Keputusan World Trade Organization (WTO)
Menteri Perdagangan (Mendag) Budi Santoso menyebutkan bahwa keputusan WTO tersebut tertuang dalam Laporan Hasil Putusan Panel WTO (panel report) yang di sirkulasikan pada 10 Januari 2025 yang lalu.
Pria yang akrab di sapa dengan Mendag Busan itu, seperti dikutip Mediaperkebunan.id dari laman resmi Kemendag, Jumat (17/1/1025), mengatakan bahwa Pemerintah Indonesia menyambut baik keputusan Panel WTO pada sengketa dagang terkait kelapa sawit ini.
“Pemerintah Indonesia menyambut baik Putusan Panel WTO pada sengketa dagang sawit dengan UE yang di kaitkan dengan isu perubahan iklim, sebagai dasar agar UE tidak sewenang-wenang dalam memberlakukan kebijakan yang diskriminatif,” ucap Mendag Busan.
“Kami harap, di masa depan, negara mitra dagang lainnya tidak memberlakukan kebijakan serupa yang berpotensi menghambat arus perdagangan global,” tutur mantan Direktur Jenderal Perdagangan Luar Negeri (Daglu) Kemendag ini
Secara umum, ungkap Mendag Busan, Panel WTO menegaskan UE melakukan diskriminasi dengan memberikan perlakuan yang kurang menguntungkan terhadap biofuel berbahan baku kelapa sawit dari Indonesia di bandingkan dengan produk serupa yang berasal dari UE seperti rapeseed dan bunga matahari.
UE juga membedakan perlakuan dan memberikan keuntungan lebih kepada produk sejenis yang di impor dari negara lain seperti kedelai.

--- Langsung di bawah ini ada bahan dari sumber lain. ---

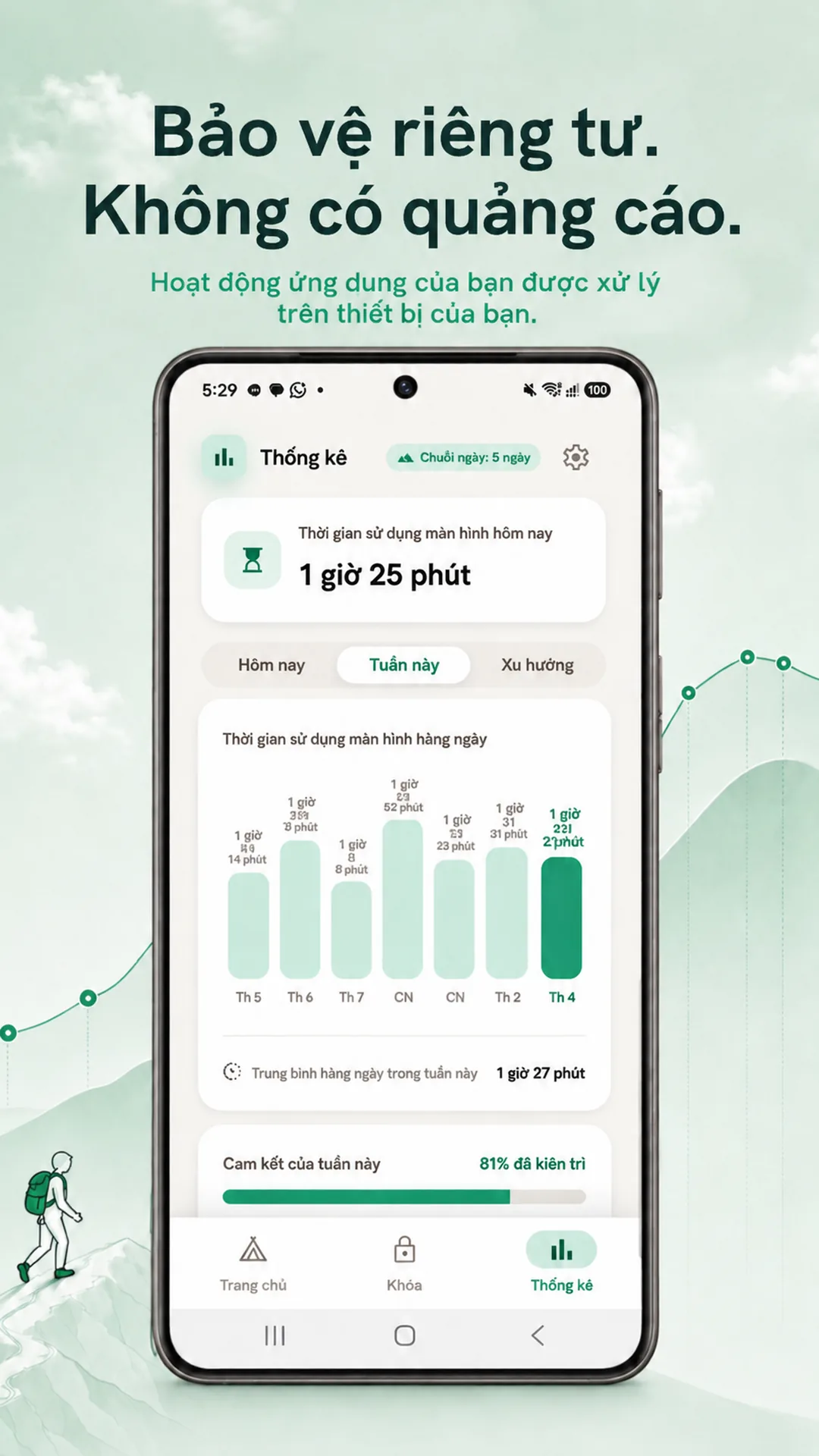 Odak Android — Ảnh chụp màn hình 5 / 8 — Tiếng Việt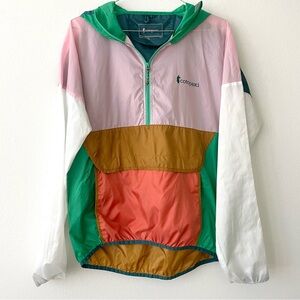 Cotopaxi teca half zip colorblock windbreaker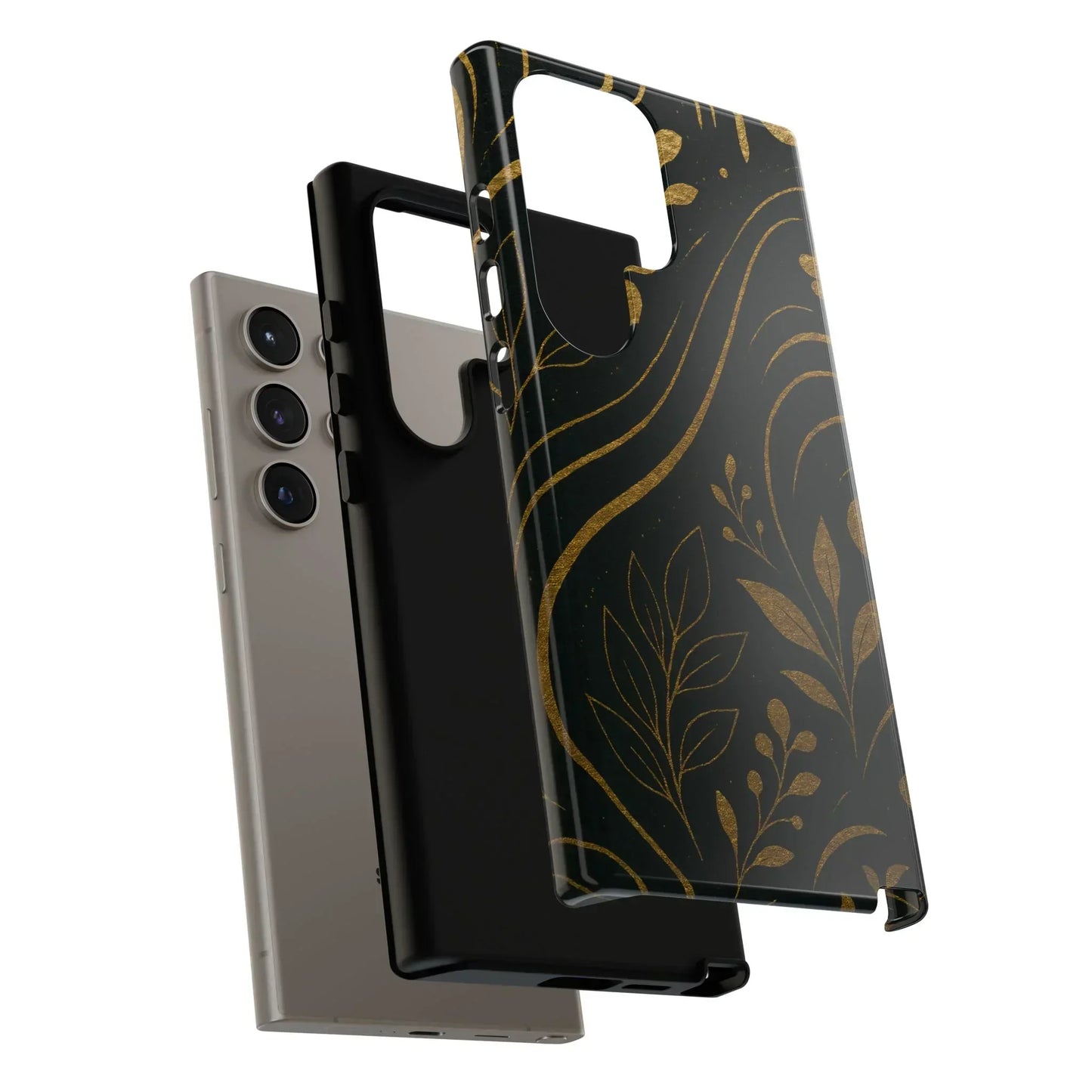 Foil Frenzy Abstract Gold Pattern Phone Case for Samsung Galaxy and Google Pixel - KarArmDesign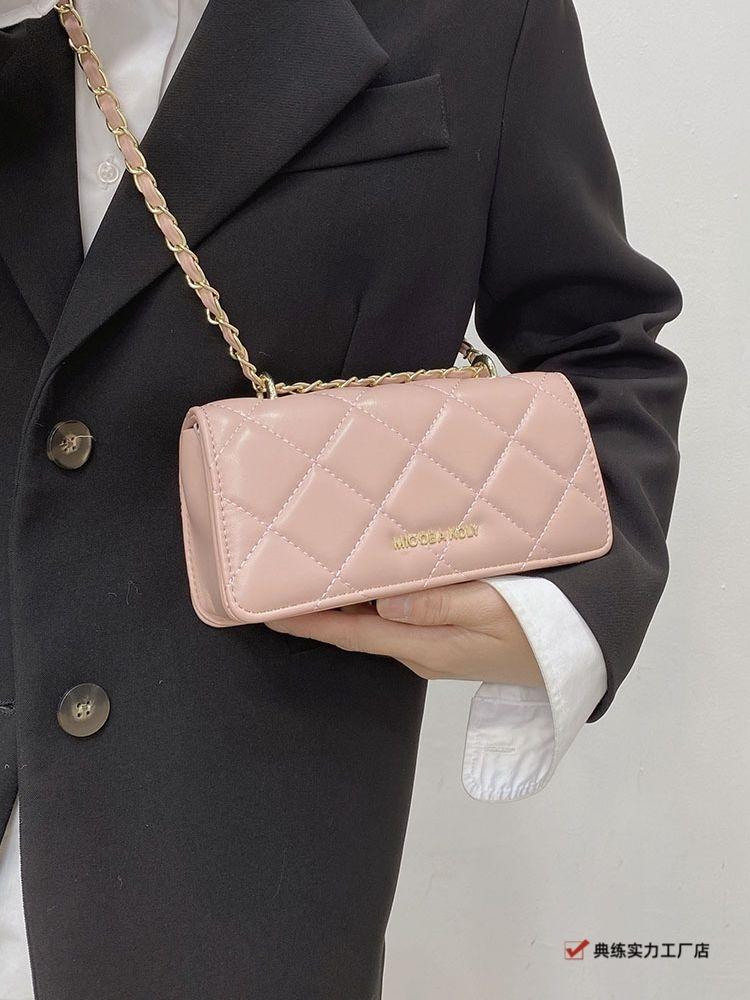 Rhombus Small Bag New Trendy High-end Sense Versatile Fashion Chain Bag Women's Niche Shoulder Messenger Bag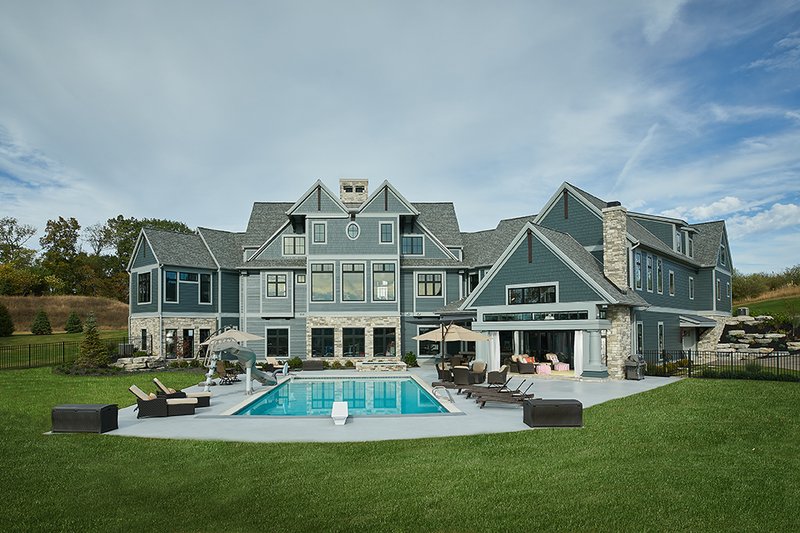 Dream House Plan - Exterior - Rear Elevation for Craftsman House Plan #928-292 - 5 bed, 4 bath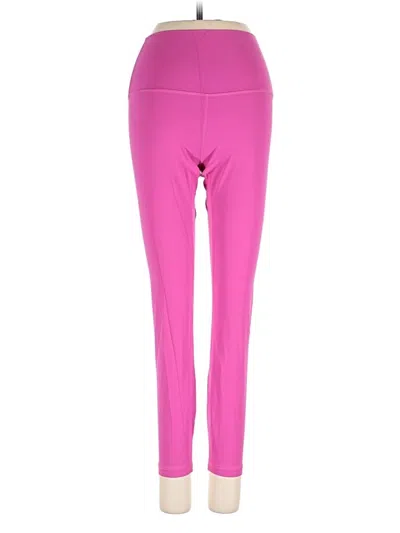 Pre-owned Crz Yoga Active Pants In Pink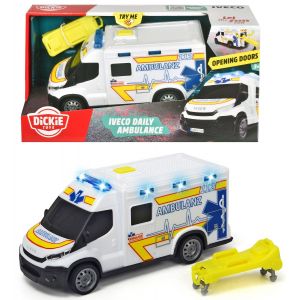 Ambulans SOS Iveco 18 cm 203713012 Dickie Toys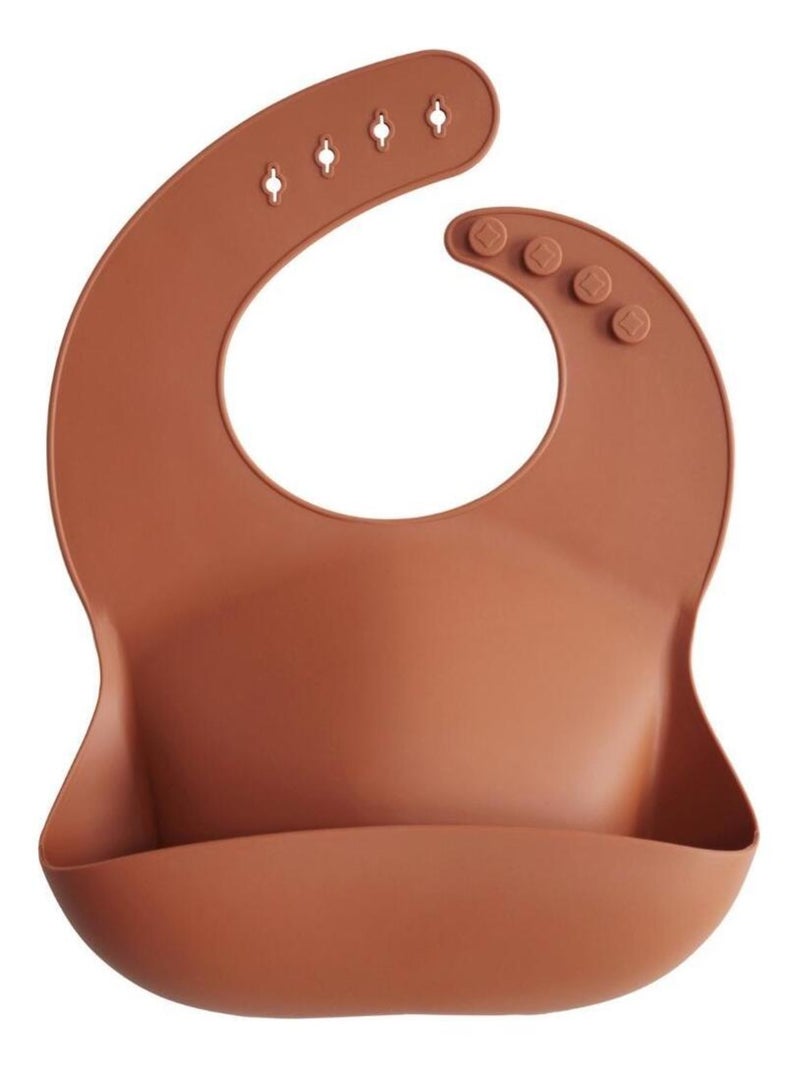 Bavoir à poche en silicone Clay Marron - Kiabi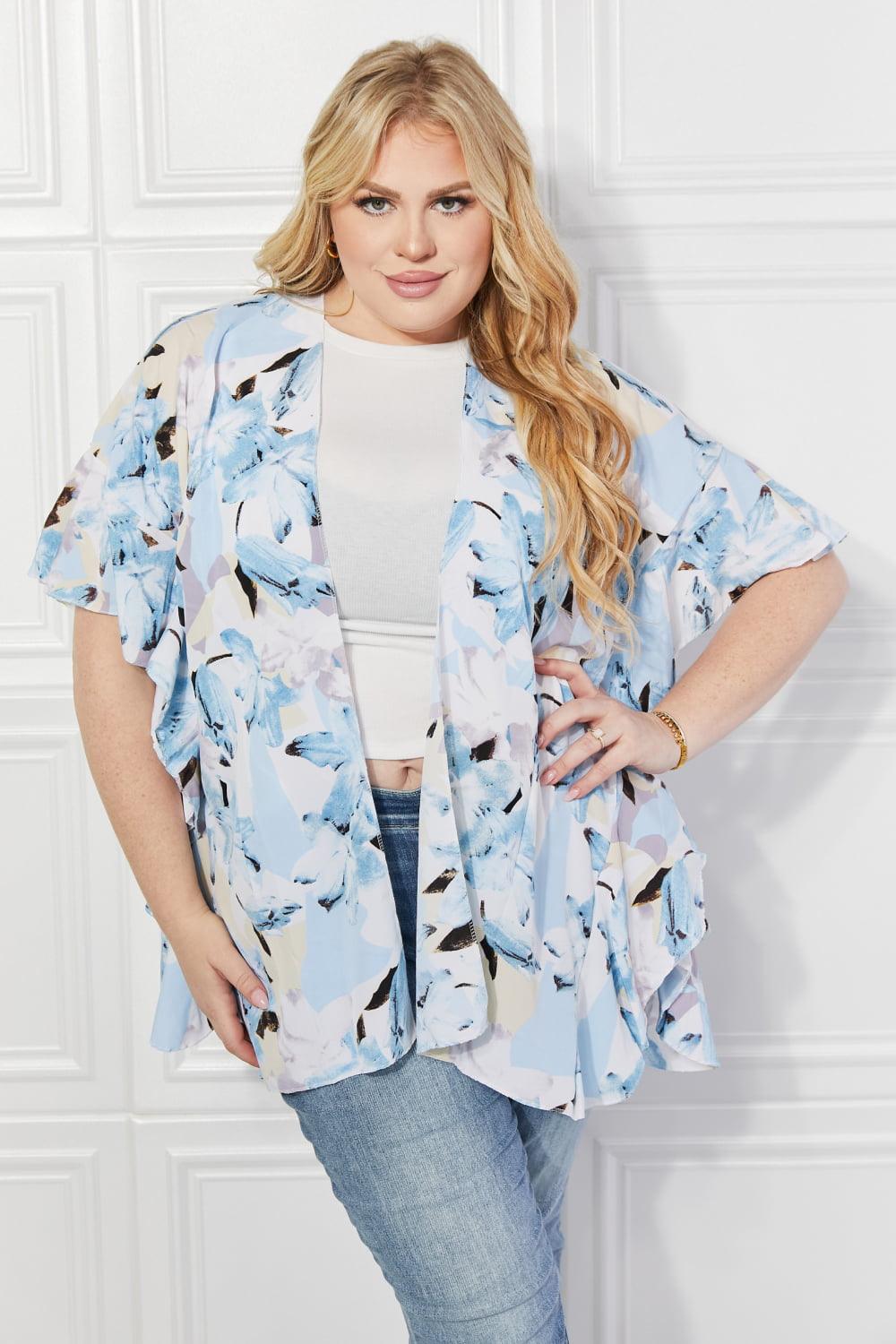 Justin Taylor Summer Fever Floral Kimono - Glamorous Boutique USA L.L.C.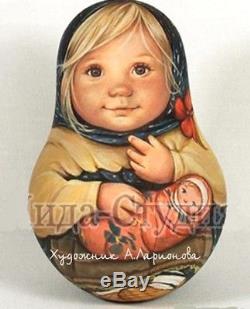 Russian matryoshka tumbler doll babushka beauty Lida original handmade exclusive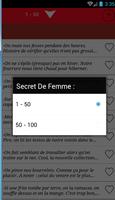 Secret De Femme capture d'écran 2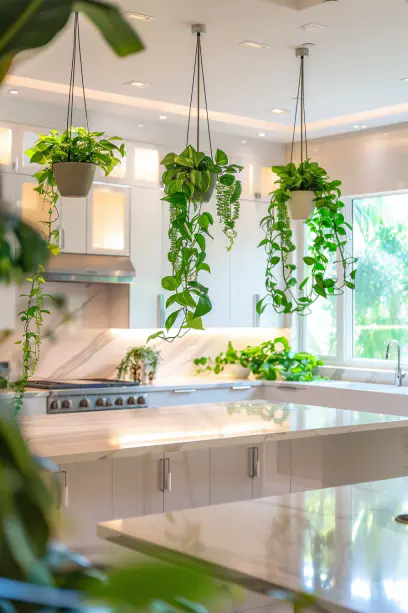 decor kitchen plants hanging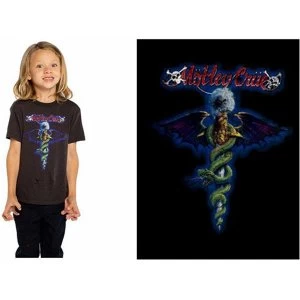 Image of Motley Crue - Blue Dragon Kids 11 - 12 Years T-Shirt - Black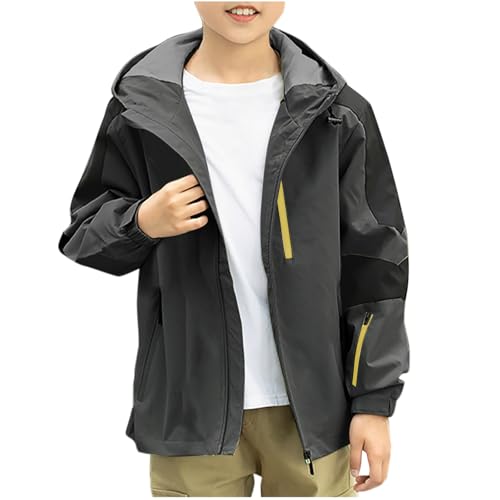 KIDSZJA Wasserdichte Jacke für Mädchen und Jungen, leichte Windbreaker-Regenjacke, Sommer-Regenjacke mit Kapuze, funktioneller Softshell-Trenchcoat, Outdoor, Größe 5–15 Jahre KIDSZJA Wasserdichte Jacke für Mädchen und Jungen, leichte Windbreaker-Regenjacke, Sommer-Regenjacke mit Kapuze, funktioneller Softshell-Trenchcoat, Outdoor, Größe 5–15 Jahre von KIDSZJA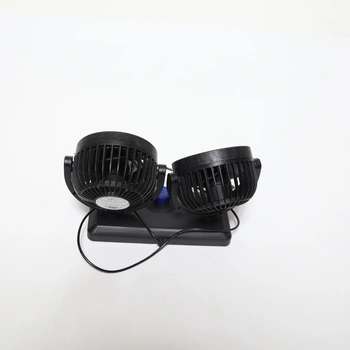 Prenosný ventilátor Snorthy dvojhlavý ventilátor 12V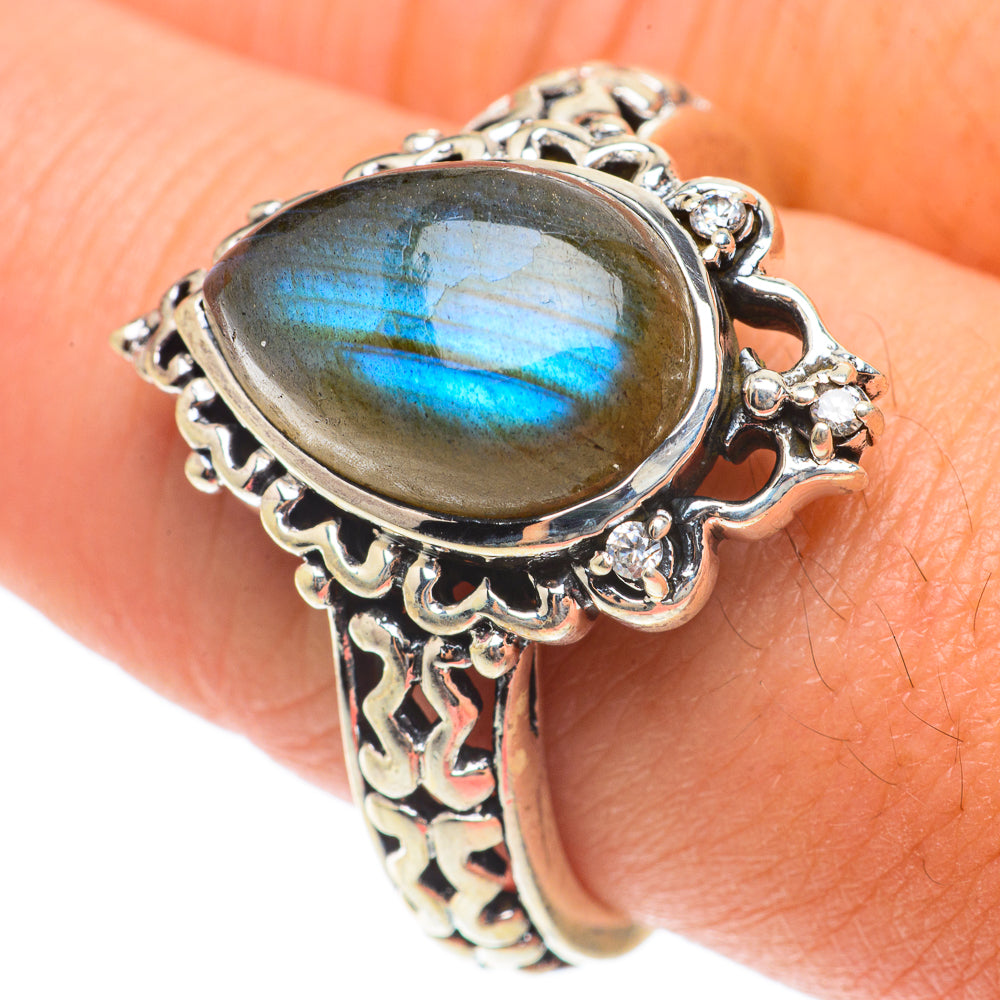 Labradorite Rings handcrafted by Anasilvercos - RING65815
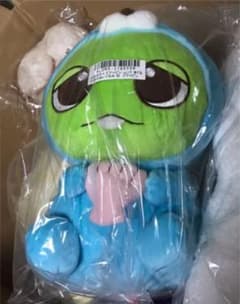 ぼのぼの×ガチャピン・ムック　きぐるみＢＩＧぬいぐるみ　ガチャピンのサムネイル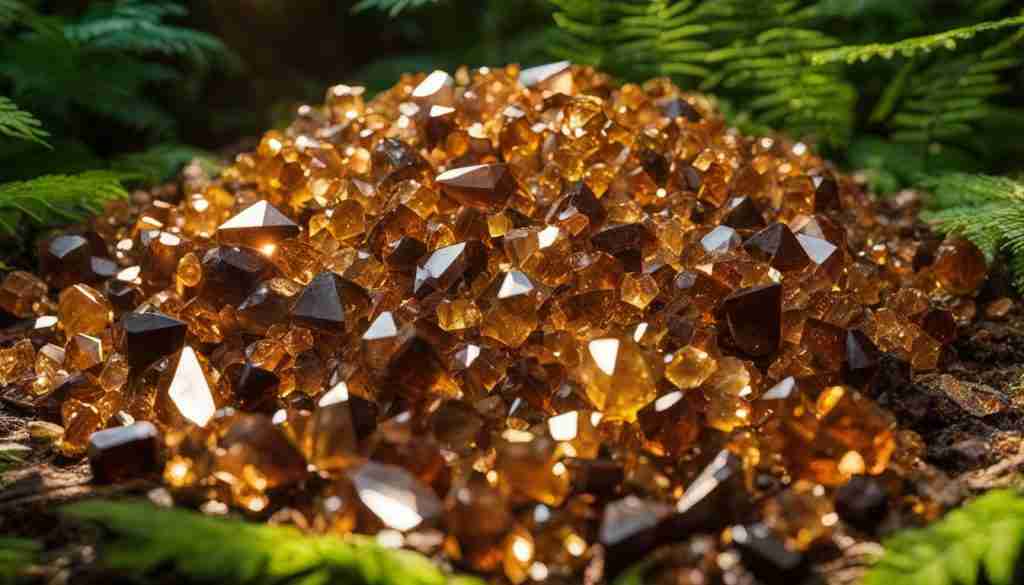 brown crystals for abundance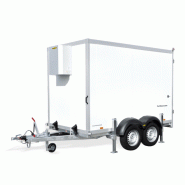 Remorque frigo freiné - HGK 254218 - 21 PF60 Deluxe - HUMBAUR - 2 essieux - PTAC : 2500 Kg - 413 x 167 x H197 cm - Reference - ROADSTERMOTO1V2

Selain itu, kata Mendag Busan, Panel WTO menilai UE gagal meninjau data yang di gunakan untuk menentukan biofuel dengan kategori alih fungsi lahan kelapa sawit berisiko tinggi atau high ILUC – risk.
“Serta ada kekurangan dalam penyusunan dan penerapan kriteria serta prosedur sertifikasi low ILUC-risk dalam Renewable Energy Directive (RED) II,” lanjut Mendag Busan.
Oleh karena itu, jelasnya lagi, UE di wajibkan untuk menyesuaikan kebijakan di dalam Delegated Regulation yang dipandang Panel melanggar aturan WTO.
“Indonesia melihat kebijakan itu sebagai bentuk tindakan proteksionisme dengan dalih menggunakan isu kelestarian lingkungan yang sering di dengungkan oleh Uni Eropa,” kata Mendag Busan.
Sekadar mengingatkan saja, pada Desember 2019, Indonesia menggugat pertama kali UE di WTO dengan nomor kasus DS593: European Union – Certain Measures Concerning Palm Oil and Oil Palm Crop-Based Biofuels.
Gugatan itu mencakup kebijakan RED II dan Delegated Regulation UE, serta kebijakan Perancis yang menjadi hambatan akses pasar kelapa sawit sebagai bahan baku biofuel.
Hambatan tersebut terkait pembatasan konsumsi biofuel berbahan baku kelapa sawit sebesar 7 persen, kriteria (high ILUC-risk), dan ketentuan penghentian penggunaan biofuel berbahan baku kelapa sawit secara bertahap atau phase out.